Available records:
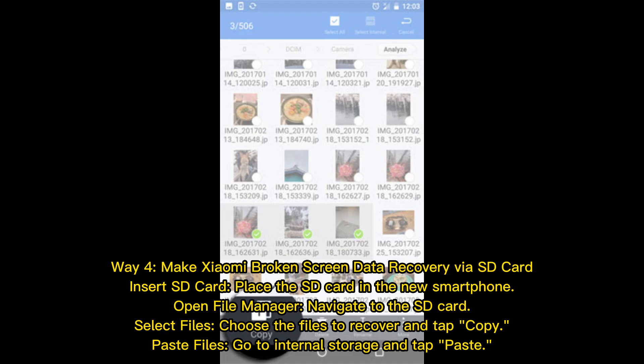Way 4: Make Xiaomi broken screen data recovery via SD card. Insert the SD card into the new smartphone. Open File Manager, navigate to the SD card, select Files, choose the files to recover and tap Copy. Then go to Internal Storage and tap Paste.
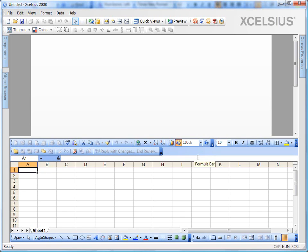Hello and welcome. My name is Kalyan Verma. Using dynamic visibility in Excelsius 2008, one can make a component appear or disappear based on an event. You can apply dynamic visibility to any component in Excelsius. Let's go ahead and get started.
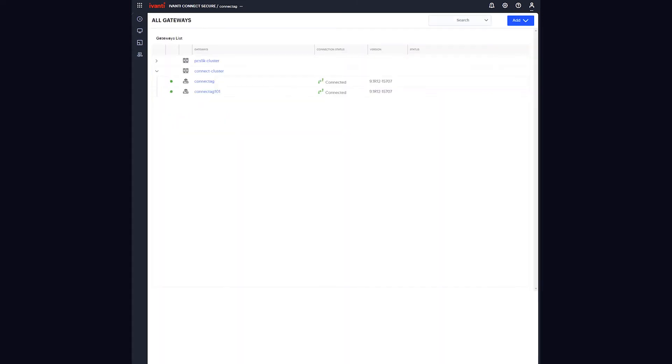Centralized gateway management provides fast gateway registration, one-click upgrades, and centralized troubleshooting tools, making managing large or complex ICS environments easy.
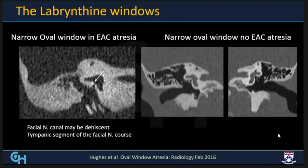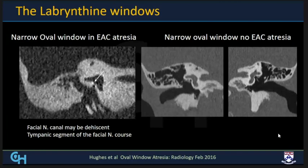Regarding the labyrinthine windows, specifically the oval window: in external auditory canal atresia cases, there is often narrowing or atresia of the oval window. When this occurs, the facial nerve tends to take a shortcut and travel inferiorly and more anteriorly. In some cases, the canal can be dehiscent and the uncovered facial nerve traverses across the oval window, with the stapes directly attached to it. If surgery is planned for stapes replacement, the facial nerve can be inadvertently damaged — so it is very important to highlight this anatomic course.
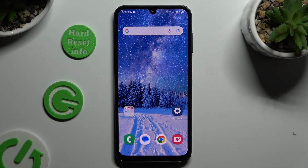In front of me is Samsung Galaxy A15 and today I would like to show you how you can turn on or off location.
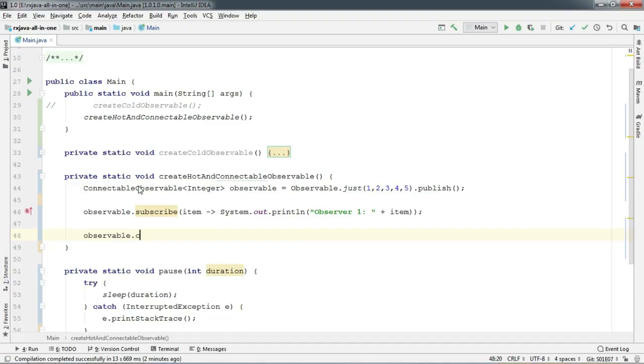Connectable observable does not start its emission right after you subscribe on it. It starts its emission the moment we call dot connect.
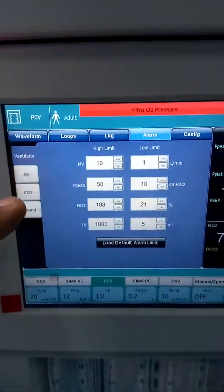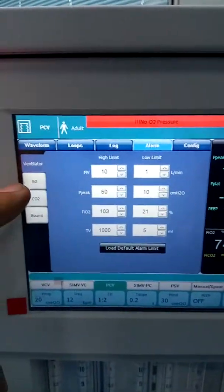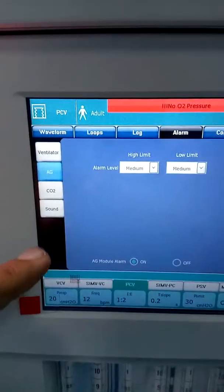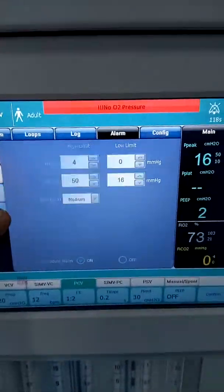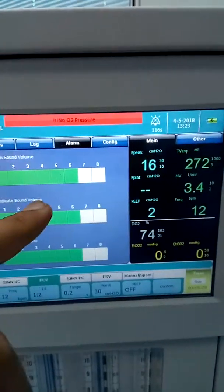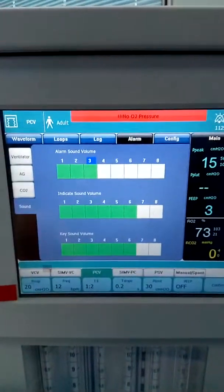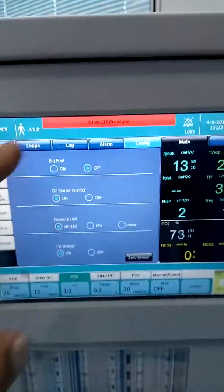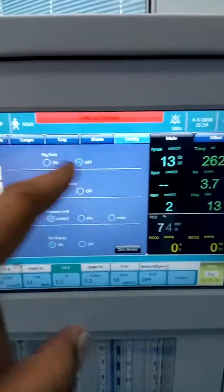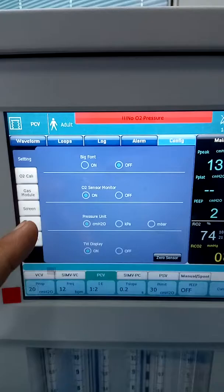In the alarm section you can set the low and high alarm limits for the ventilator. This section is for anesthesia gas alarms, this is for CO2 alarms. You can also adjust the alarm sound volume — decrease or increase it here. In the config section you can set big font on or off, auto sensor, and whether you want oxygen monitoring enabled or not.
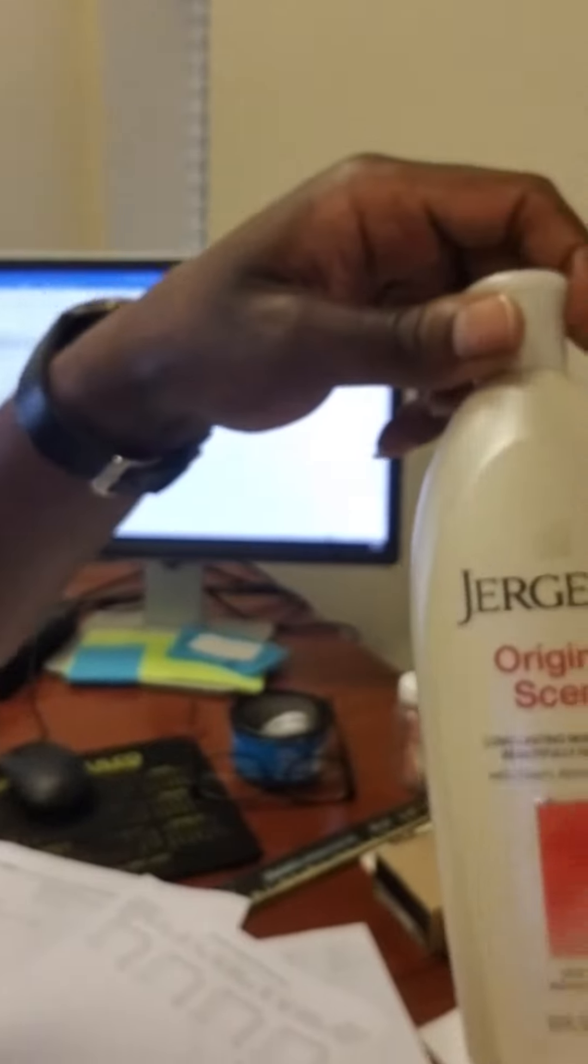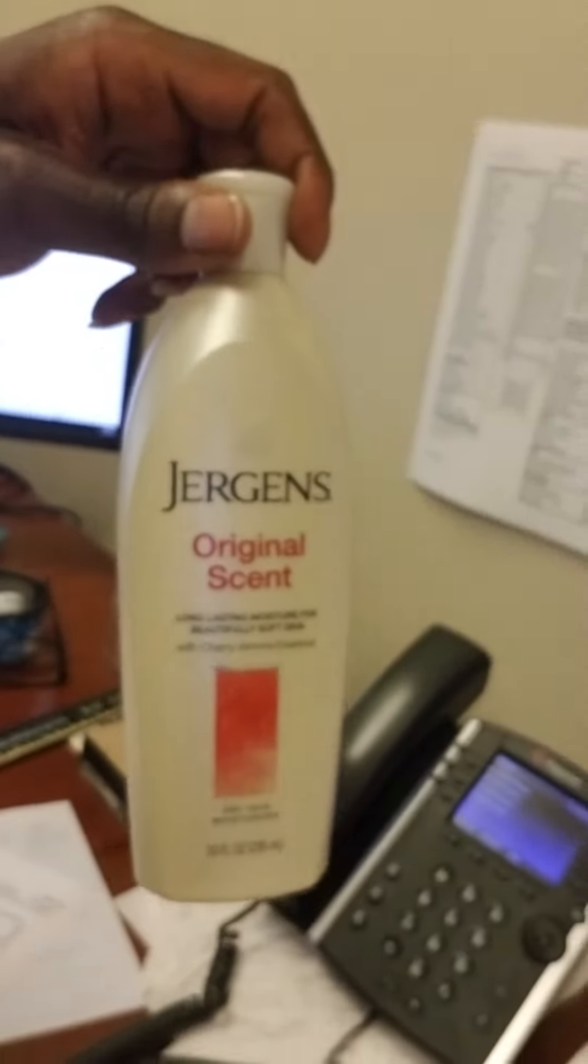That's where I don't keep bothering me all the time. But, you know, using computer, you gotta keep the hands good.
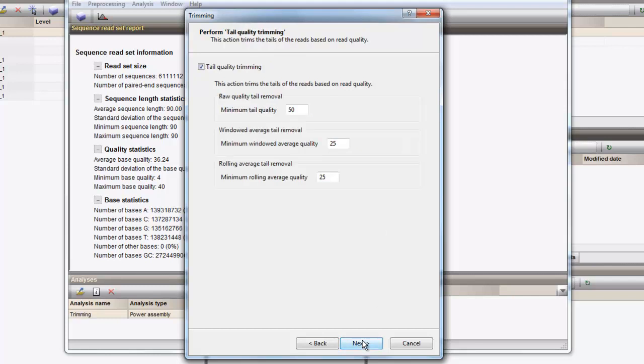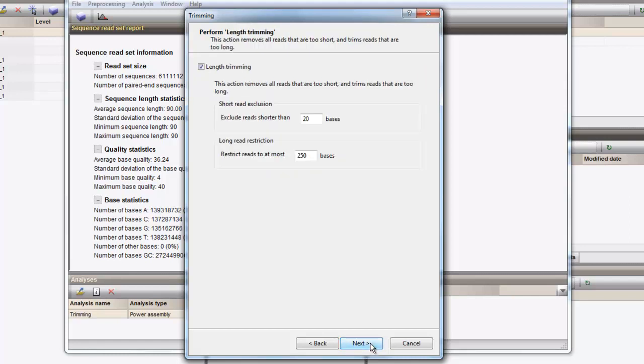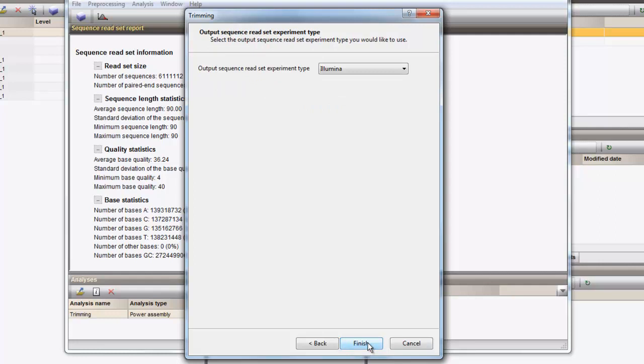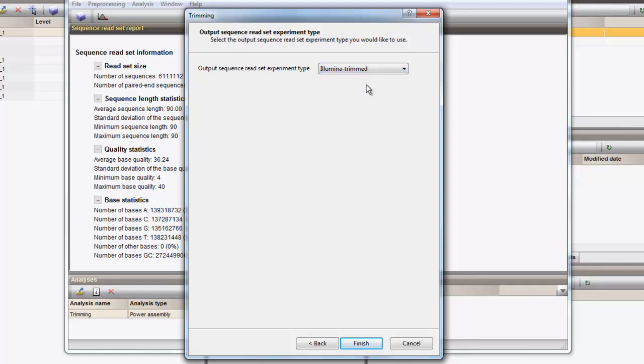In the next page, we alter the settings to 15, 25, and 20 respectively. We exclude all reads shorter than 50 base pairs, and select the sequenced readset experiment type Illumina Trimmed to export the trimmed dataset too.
--
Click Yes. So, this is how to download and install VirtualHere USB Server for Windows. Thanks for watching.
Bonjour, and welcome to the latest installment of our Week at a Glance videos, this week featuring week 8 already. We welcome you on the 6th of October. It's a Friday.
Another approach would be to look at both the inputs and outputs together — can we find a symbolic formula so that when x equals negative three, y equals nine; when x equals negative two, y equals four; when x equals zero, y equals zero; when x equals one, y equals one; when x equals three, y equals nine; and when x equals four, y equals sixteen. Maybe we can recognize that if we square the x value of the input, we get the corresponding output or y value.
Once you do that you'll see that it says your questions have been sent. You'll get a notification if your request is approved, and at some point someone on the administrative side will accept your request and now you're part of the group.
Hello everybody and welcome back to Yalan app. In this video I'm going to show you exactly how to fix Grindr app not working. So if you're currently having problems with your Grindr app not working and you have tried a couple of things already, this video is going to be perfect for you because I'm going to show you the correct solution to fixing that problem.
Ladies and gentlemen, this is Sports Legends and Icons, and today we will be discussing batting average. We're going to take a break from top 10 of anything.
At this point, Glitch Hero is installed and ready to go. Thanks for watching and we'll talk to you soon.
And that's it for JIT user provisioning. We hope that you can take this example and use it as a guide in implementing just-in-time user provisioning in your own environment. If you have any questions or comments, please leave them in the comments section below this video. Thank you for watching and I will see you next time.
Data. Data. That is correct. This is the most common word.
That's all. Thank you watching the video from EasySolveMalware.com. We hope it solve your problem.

What is being asked: Once every line above has been checked for the string "questions", give the number of matching lines and nothing more.

Written answer: 2